Work to be completed >>
Please repeat each line of the data exactly, with nothing left out.
[Opening Entries provided section]
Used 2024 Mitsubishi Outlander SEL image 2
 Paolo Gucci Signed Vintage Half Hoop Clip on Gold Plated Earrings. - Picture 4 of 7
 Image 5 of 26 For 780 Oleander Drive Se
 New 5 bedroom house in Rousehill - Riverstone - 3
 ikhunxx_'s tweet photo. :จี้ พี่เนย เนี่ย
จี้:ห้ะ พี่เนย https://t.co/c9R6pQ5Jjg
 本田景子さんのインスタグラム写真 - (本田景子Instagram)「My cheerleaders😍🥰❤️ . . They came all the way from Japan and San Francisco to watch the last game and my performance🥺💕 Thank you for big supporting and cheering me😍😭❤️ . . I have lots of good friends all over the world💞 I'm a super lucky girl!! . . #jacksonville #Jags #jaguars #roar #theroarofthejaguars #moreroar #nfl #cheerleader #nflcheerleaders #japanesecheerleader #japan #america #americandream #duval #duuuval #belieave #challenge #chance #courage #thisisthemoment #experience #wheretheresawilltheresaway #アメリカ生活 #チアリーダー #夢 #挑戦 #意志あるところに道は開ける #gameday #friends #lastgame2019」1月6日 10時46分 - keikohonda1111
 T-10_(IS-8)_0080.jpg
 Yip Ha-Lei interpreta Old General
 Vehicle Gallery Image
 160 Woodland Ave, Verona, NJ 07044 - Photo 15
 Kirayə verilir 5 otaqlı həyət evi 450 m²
[Closing Entries provided section]
Exercise output >>
Used 2024 Mitsubishi Outlander SEL image 2
 Paolo Gucci Signed Vintage Half Hoop Clip on Gold Plated Earrings. - Picture 4 of 7
 Image 5 of 26 For 780 Oleander Drive Se
 New 5 bedroom house in Rousehill - Riverstone - 3
 ikhunxx_'s tweet photo. :จี้ พี่เนย เนี่ย
จี้:ห้ะ พี่เนย https://t.co/c9R6pQ5Jjg
 本田景子さんのインスタグラム写真 - (本田景子Instagram)「My cheerleaders😍🥰❤️ . . They came all the way from Japan and San Francisco to watch the last game and my performance🥺💕 Thank you for big supporting and cheering me😍😭❤️ . . I have lots of good friends all over the world💞 I'm a super lucky girl!! . . #jacksonville #Jags #jaguars #roar #theroarofthejaguars #moreroar #nfl #cheerleader #nflcheerleaders #japanesecheerleader #japan #america #americandream #duval #duuuval #belieave #challenge #chance #courage #thisisthemoment #experience #wheretheresawilltheresaway #アメリカ生活 #チアリーダー #夢 #挑戦 #意志あるところに道は開ける #gameday #friends #lastgame2019」1月6日 10時46分 - keikohonda1111
 T-10_(IS-8)_0080.jpg
 Yip Ha-Lei interpreta Old General
 Vehicle Gallery Image
 160 Woodland Ave, Verona, NJ 07044 - Photo 15
 Kirayə verilir 5 otaqlı həyət evi 450 m²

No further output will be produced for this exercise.